Two weeks ago I wrote about Thrice’s final show. It reminded me of my last Warped Tour. They were playing but my girlfriend’s friends had come along with us that day and one of them was being a pill and we left before they (AND THE OFFSPRING! guh) ever took the stage. Remembering that day I couldn’t help but ask myself why I didn’t put up a fight to stay. Why did I just reluctantly agree to go home instead of staying, “Uh, we’re not leaving until Thrice’s set is done.” It bothered me for days.
Then I combed through all these photos I hadn’t seen in years and found these two.
I’d seen Thrice two years earlier. I loved the shit outta that show. I had visual proof. I’d seen them before they broke up and while my memory obviously isn’t what it once was, I was never going to live with the regret of not having seen my favorite band.
Tonight I ran a search on my blog. I’ve never mentioned the song at #1 before or the weekend/night/moment I’ll always remember because of it. That isn’t to say I haven’t written about it in the past. I ran that same search on the old hard drive I mentioned above and when I did about a dozen results came up. Entries I’d written a decade ago that never saw the light of day. Blogs I’d written in the mid 2000s that are no longer online.
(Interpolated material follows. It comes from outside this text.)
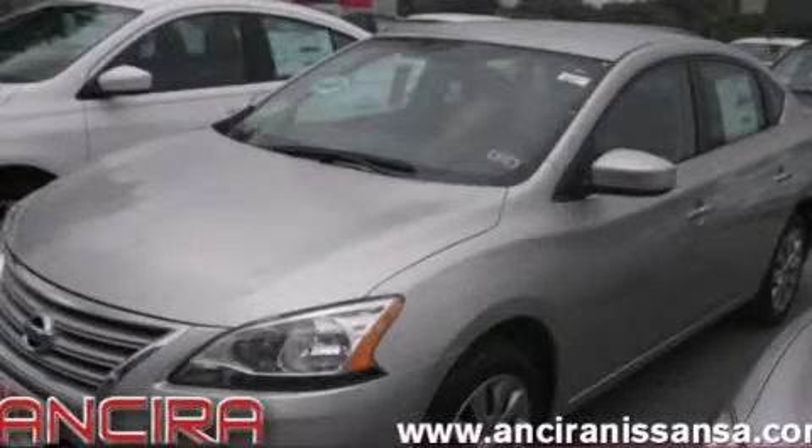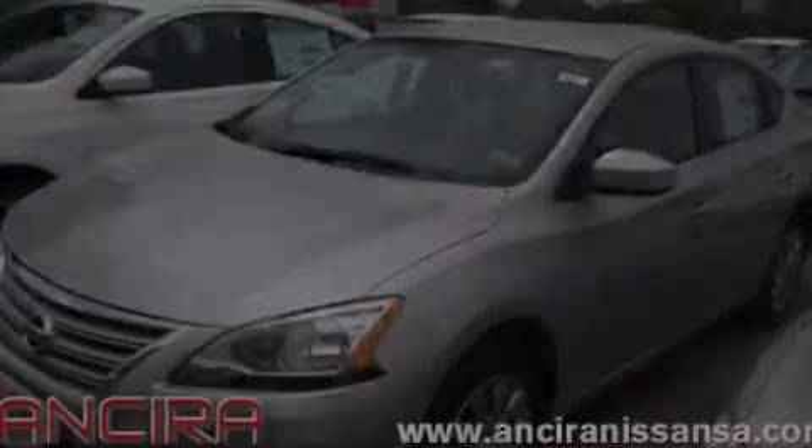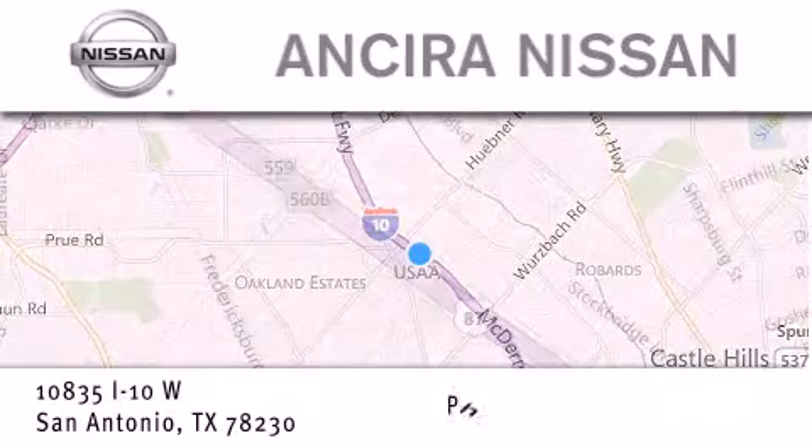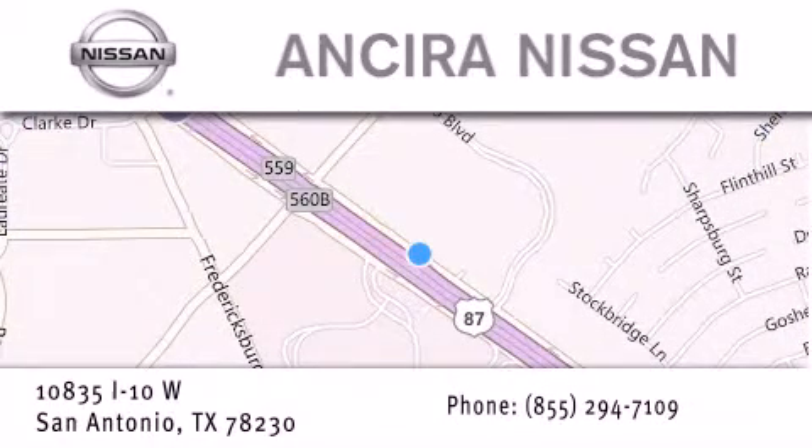We invite you to contact us today to learn more about this vehicle. Thank you for considering Ansira Nissan for your next new or pre-owned vehicle. For additional information, please visit our website, give us a call, or stop by our dealership.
For some reason I’ve always kept that memory as something of importance, but it wasn’t until this last week that I’ve questioned why. What is it about this particular weekend that should have any more significance than one that thousands (millions?) of college kids experience on a regular basis? Maybe it was this specific girl. Maybe it’s because it was unique to me as opposed to common by others.
Maybe I just really fucking love this song?
My goal as a writer here is to make you understand what was going through my head and heart and appreciate what was going on back then. Put you in my shoes and hopefully forget that what went down really wasn’t unique, at least to others. That’s the challenge of this post. As difficult as it’s going to be, I’d love for readers to fall in love (maybe?) the way I did.
Blog forthcoming. Eventually. I can’t end this list at #2.